Board games are not just meant to kill time or fill game nights with fun. The benefits of playing board games include increasing your happiness, particularly by reducing your stress levels and creating stronger relationships.
This is why more and more people are trying out board games as a regular recreational activity. Instead of wasting time stressing over unimportant news on social media, they’d rather spend time cultivating their playing skills and boosting their happiness.
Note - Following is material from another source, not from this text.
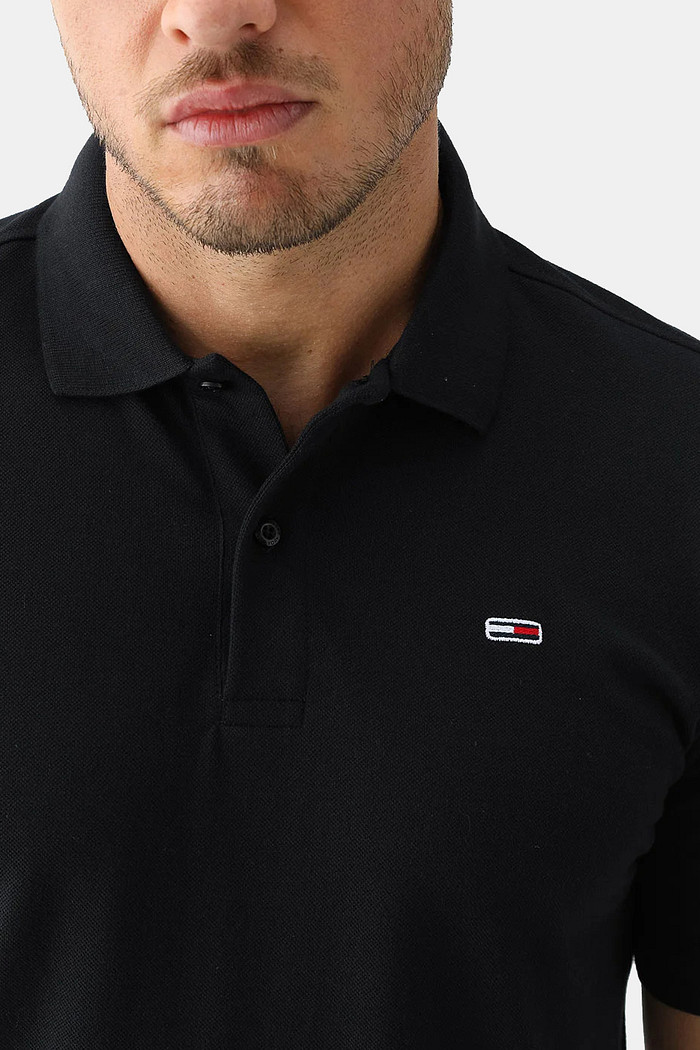 Camisa Polo Tommy Jeans Masculina Classica Slim Preta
In this article, we give you the 15 best four-player board games to check out and play this year. They have been chosen based on expert reviews and positive feedback from satisfied customers who have already tried them.
Let’s get to it!
The Best Four-Player Games for 2024
What is amazing about Pandemic is that whether people are looking for couple or cooperative play, it always makes the list when it comes to the best board games. Consistently fun and challenging, this two- to four-player game is just what you need if you are looking for a fight against the world’s worst epidemics.
Pandemic is a survival game, so you have to stay alive until the game ends. The thrill begins once you start creating plans and strategies with your team to save the world. Your ultimate goal is to search for cures and treat civilians before the diseases overpower humanity and destroy civilization.
This board game is a test of your patience, determination, and cooperation. There has to be unity and camaraderie between team members to achieve the goal. Otherwise, everyone will lose and “die”. The rules may be simple and easy to understand, but the play itself can be a bit difficult to master and memorize.
We highly recommend this board game for friends and family who love a bit of thrill and excitement during game night. It requires least two players, but it becomes more fun if played by a lot more (up to four).
Catan is a perfect fit if you and your friends are fans of traditional civilization-building games where the goal is to build cities, settle areas, and trade goods and products. Careful planning and strategy are what it takes to win this game.
The game is set in an ancient world where people are taking long voyages to discover new lands. It is a competitive game, meaning you and your friends are competitors rather than teammates. You have to beat each other in a battle for supremacy.
Catan has an average of 60 minutes of gameplay, and is designed for three to four players. It is also recommended for beginners, as its rules are easy to learn and understand. That being said, expert gamers might find it too easy or boring, so a more complex board game might be a better match.
3. Ticket to Ride
Ticket to Ride is an excellent choice for those who love adventure and travel. It is designed for two to five players, ages eight years old and above, making it a wonderful addition to your set of family board games to play on game night. Playing time is only around 30 to 60 minutes, so you can play more than once in one sitting.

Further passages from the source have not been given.